The SAF has denied the allegations, calling them fabrications designed to tarnish the reputation of the armed forces at a time of existential conflict. But the report’s findings align closely with accounts from other human rights organisations, UN monitors, and journalists operating in or near SAF-controlled areas.

**The Scale of the Crackdown**

Human Rights Watch documented at least 340 cases of apparently arbitrary detention by SAF forces between September 2025 and March 2026, with the true figure almost certainly higher given the difficulties of gathering testimony from active conflict zones. The majority of those detained were men between the ages of 18 and 35—the demographic most likely to be associated with the rival Rapid Support Forces (RSF) paramilitary group or with anti-government protest movements that preceded the war.

Detention facilities identified in the report include three sites in Omdurman, two in Port Sudan—which has become the de facto capital of the SAF-aligned transitional government—and at least one facility in the contested city of El Fasher, where fighting with RSF forces has been heaviest.

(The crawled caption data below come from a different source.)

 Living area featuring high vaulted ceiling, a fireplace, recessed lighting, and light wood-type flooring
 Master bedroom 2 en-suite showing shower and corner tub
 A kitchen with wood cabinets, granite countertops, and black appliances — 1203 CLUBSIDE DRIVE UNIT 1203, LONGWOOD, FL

Perhaps most disturbing are the testimonies describing conditions inside these facilities. They held us in a room with no windows, no food for three days, and guards who told us we would be shot if we complained, one witness, a 24-year-old teacher from Omdurman, told HRW researchers. The witness said he was eventually released after a local tribal elder intervened—but that 11 others held alongside him remained in custody without explanation.

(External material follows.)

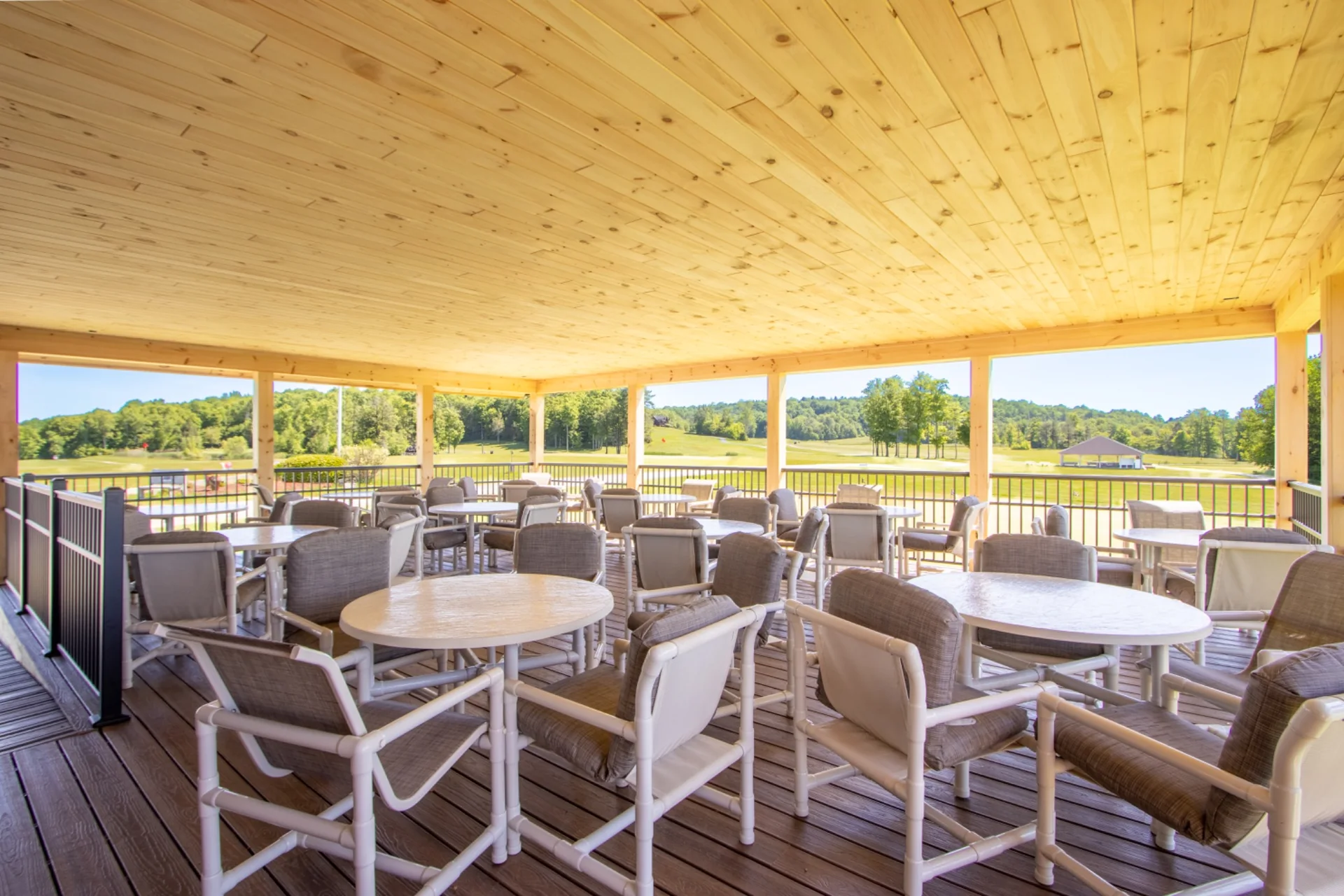 New covered outdoor dining area overlooking the course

**The War the Detentions Cannot Hide**

The arbitrary detentions are occurring against the backdrop of a war that has defied all attempts at resolution. The conflict, which erupted in April 2023 when RSF commander Mohamed Hamdan Daglo (known as Hemedti) moved to seize power from the Sudanese Armed Forces led by General Abdel Fattah al-Burhan, has killed an estimated 150,000 people and displaced more than 12 million—the largest displacement crisis in the world today.

Repeated ceasefire agreements brokered by the African Union, Saudi Arabia, and the United States have collapsed within days of signing. The most recent attempt, in January 2026, broke down over disagreements about the integration of RSF forces into the regular army—a key sticking point that both sides appear unwilling to concede.

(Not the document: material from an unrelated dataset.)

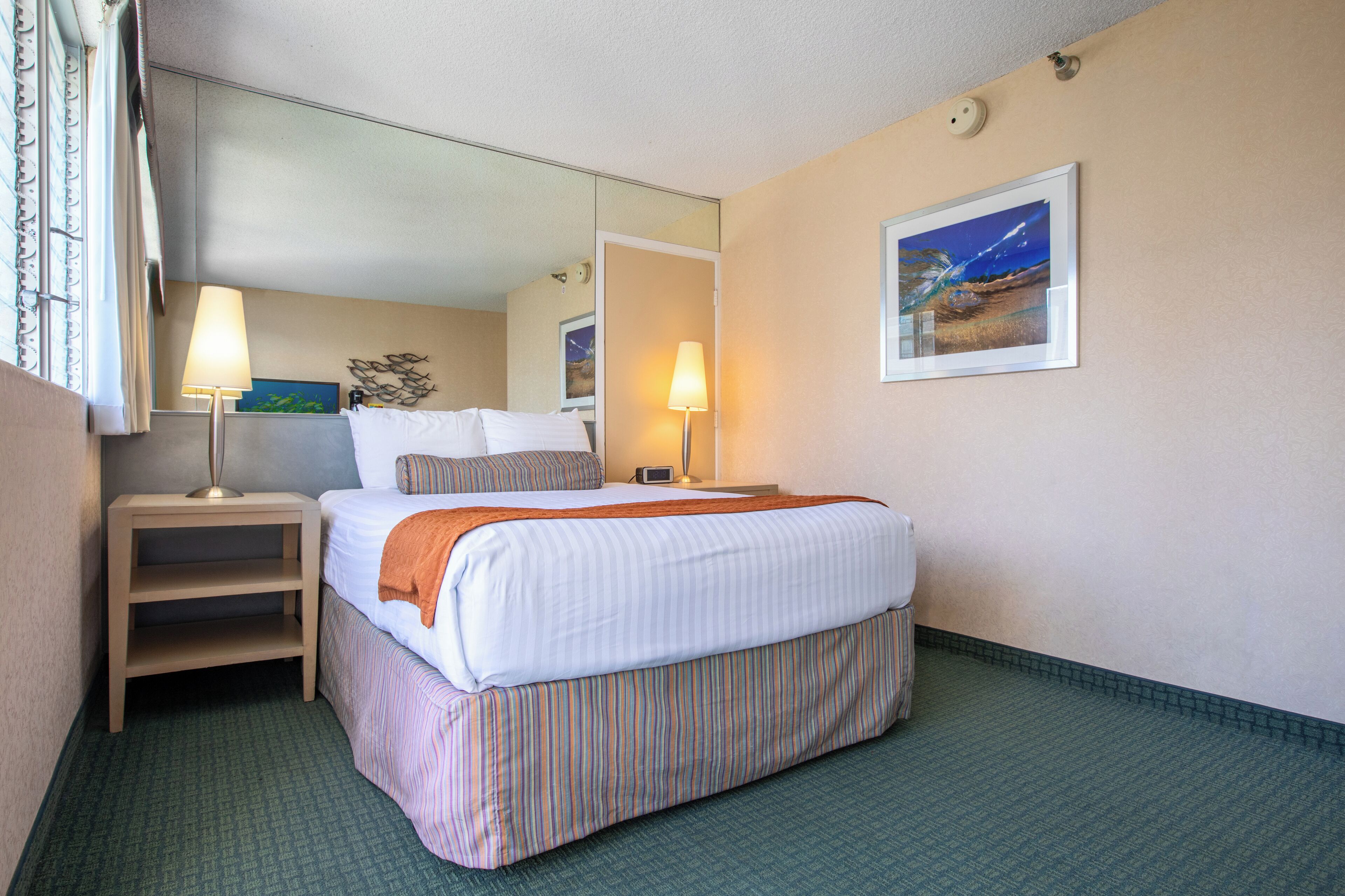 A hotel room with a bed, two bedside tables, a lamp, a painting, and a mirror.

Into this void steps the arbitrary detention programme. Human Rights Watch argues that the pattern of detentions is consistent not with security screening—a legitimate practice during civil wars—but with a deliberate campaign to intimidate civilian populations in SAF-controlled areas and to eliminate potential sources of support for the RSF or for popular resistance.

**International Response: Condemnation Without Consequence**

The HRW report has drawn condemnation from the United States, the European Union, and the United Nations mission in Sudan. But observers note that condemnation without targeted sanctions has done little to change behaviour on the ground. The US State Department imposed limited sanctions on RSF commanders in 2024 but has not applied equivalent pressure on SAF officers implicated in abuses.

China, Sudan’s largest trading partner and a key arms supplier to the SAF, has blocked two UN Security Council attempts to impose an arms embargo on warring parties. Russia’s Wagner successor group—now officially integrated into the Russian Ministry of Defence as Africa Corps—has deployed fighters in support of the SAF in several battles, according to Western intelligence assessments.

African institutions have been equally paralysed. The African Union’s attempts at mediation have been hampered by deep divisions among member states over which faction to support, with Egypt and the UAE pursuing competing geopolitical agendas that have muddied the diplomatic waters.

**What Comes Next**

Human Rights Watch has called on the SAF to immediately release all arbitrarily detained civilians, to allow independent monitors access to detention facilities, and to refer cases of torture and enforced disappearance to civilian judicial authorities. The report also urges the UN Human Rights Council to establish a dedicated investigative mechanism for Sudan—a step that would mirror the bodies created for Ukraine, Myanmar, and Ethiopia’s Tigray conflict.

Whether any of these calls will translate into action is deeply uncertain. In the meantime, families of the detained continue to gather outside military installations, holding photographs of their loved ones and begging for information. The war has no end in sight. The detention machine, HRW makes clear, is running in parallel—and with it the quiet destruction of lives that may never be counted.